While reading Variety’s eye-opening article explaining how successful young performers are reaching a new generation through Internet platforms, you might have come across producer Kurt Sutter’s (potentially NSFW) open letter savaging Google about piracy allegations. Sutter, who produces the FX drama “Sons of Anarchy,” announces the search company is “in the process of systematically destroying our artistic future.”
The attack is uncomfortably wedged between Variety’s impressive coverage of the rise of the Internet content creators, and stars on Google’s YouTube in particular. In fact, Variety published a survey this morning which concluded that YouTube stars are more popular than “mainstream” celebrities among teens. Hollywood, however, has no idea who these new stars are — a disconnect likely to widen as more young Americans cut the cord and trade the remote for the smartphone. Amidst other coverage, one article concludes, “[Internet video brands] AwesomenessTV and Vice could very well be the next mega-brands; they demand our attention now”.
It’s difficult to square Sutter’s dire predictions that we will look back with regret on “the magical days when creatives flourished” when the several preceding articles highlight creativity flourishing on the Internet. Situated as it is inside what might be called Variety’s Disintermediation Issue, Sutter’s f-bomb fusillade says nothing so loudly as ‘get off my lawn.’
Sutter’s perspective isn’t just at odds with Variety’s extensive coverage of Internet content creators; it doesn’t square with recent history. In the two and a half years since the debacle that was the Stop Online Piracy Act, online services have continuously developed new practices and products that direct users away from infringing sites, and toward lawful works and outlets.
Last year, many prominent online advertisers committed to certain practices to reduce ad revenue to site operators engaged in piracy and counterfeiting. And even though search is not pirates’ primary tool for finding infringing content, Google recently started displaying banners for lawful services like Netflix, Hulu, and Play when users search for media using terms often associated with piracy, such as “DVDrip,” “download,” and “torrent.” (As opposed to some less sophisticated proposals, such as censoring the word “free”, which — not surprisingly — would lead to false positives.) In 2012, Google also started accounting for DMCA takedowns in delivering search results, downranking sites that prompted high numbers of infringement notices.
Industry efforts aren’t just focused on stamping out infringement, either. Internet services are deploying innovations to help users find lawful content more quickly.
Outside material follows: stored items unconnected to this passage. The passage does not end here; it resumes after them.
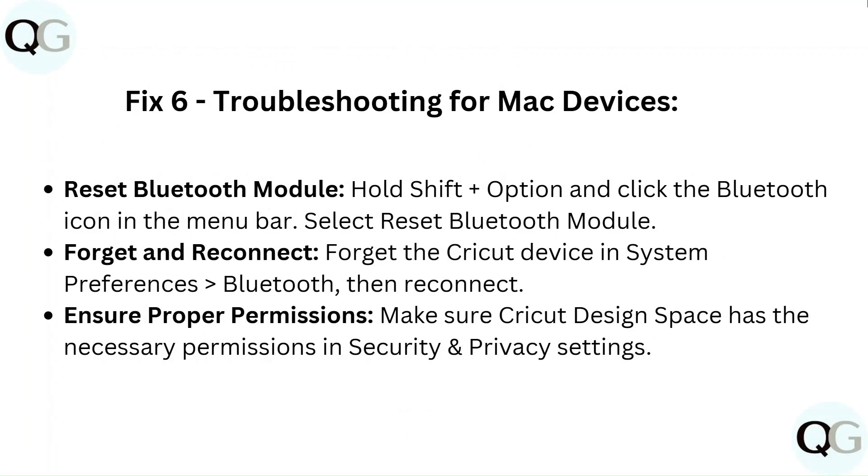Fix 6: Troubleshooting for Mac devices. Reset the Bluetooth Module by holding Shift plus Option and clicking the Bluetooth icon in the menu bar, then select "Reset Bluetooth Module." Forget and reconnect — forget the Cricut device in System Preferences then Bluetooth, then reconnect. Also ensure Cricut Design Space has the necessary permissions in Security and Privacy settings.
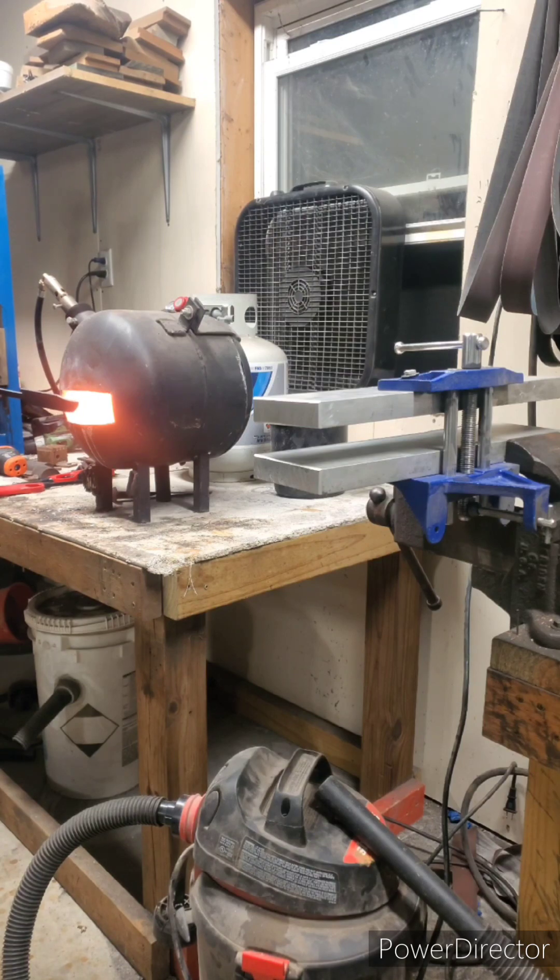Once I've put it in the forge, I will bring it in and out a few times just to keep the heat built up in it, so you're not just directly shoving it in. Once I kind of hit a fairly light glow, I'll go ahead and insert it into the forge.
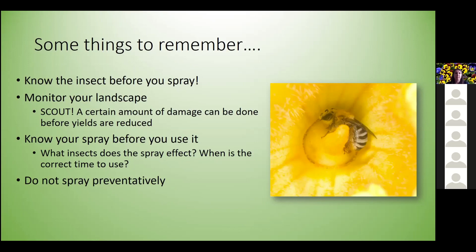Spot treat instead of spraying everything — if you're having issues on your tomatoes, you probably don't also need to spray your squash. Avoid broad-spectrum insecticides that kill targeted pests along with all surrounding beneficial insects. New labels should have a honeybee logo indicating whether the product is harmful to pollinators. Try to spray in the early morning or evening when bees and other pollinators are less active.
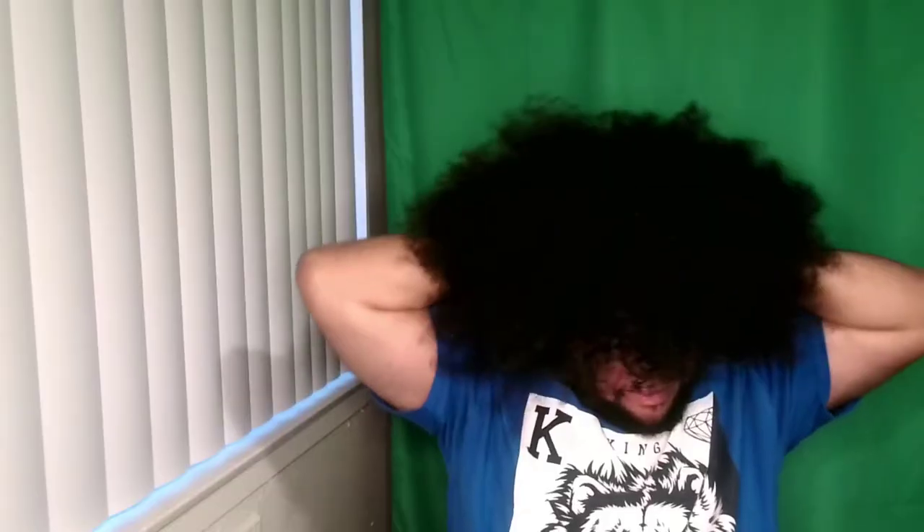Then you pull out the wig that you made by hand using four packs of human hair — four packs is for that thickness, that signature AJ490 thickness. The wig also consists of four combs that you sewed on yourself, and it's not a lace front. I'm not too big on the lace fronts — I don't mind them.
For example, both Bing and Google have deployed new features that give prominence to the first playable music video responsive to a search query on lawful services like Dailymotion, MTV, Vevo, Vimeo, and YouTube.   Bing users are shown related artists and albums, which can facilitate music discovery  , just as on services like iTunes, and Spotify. These discoveries should drive music sales.
Overall, Internet services are rapidly becoming a substantial new revenue stream. As Billboard reported in February, YouTube alone had paid out $1 billion to rights-holders and individual artists in recent years. Yahoo’s push into high-quality, premium video has attracted significant attention, with the service lining up exclusive rights to prominent programs like Saturday Night Live for its video site, Screen. Screen has shown that online services can spend big to produce original content: when NBC cancelled the “brilliant” cult comedy Community, Yahoo agreed to produce a sixth season. Yahoo’s move into original content, breaking the cable network paradigm, follows similar successful moves by Amazon and Netflix, which DisCo has noted before.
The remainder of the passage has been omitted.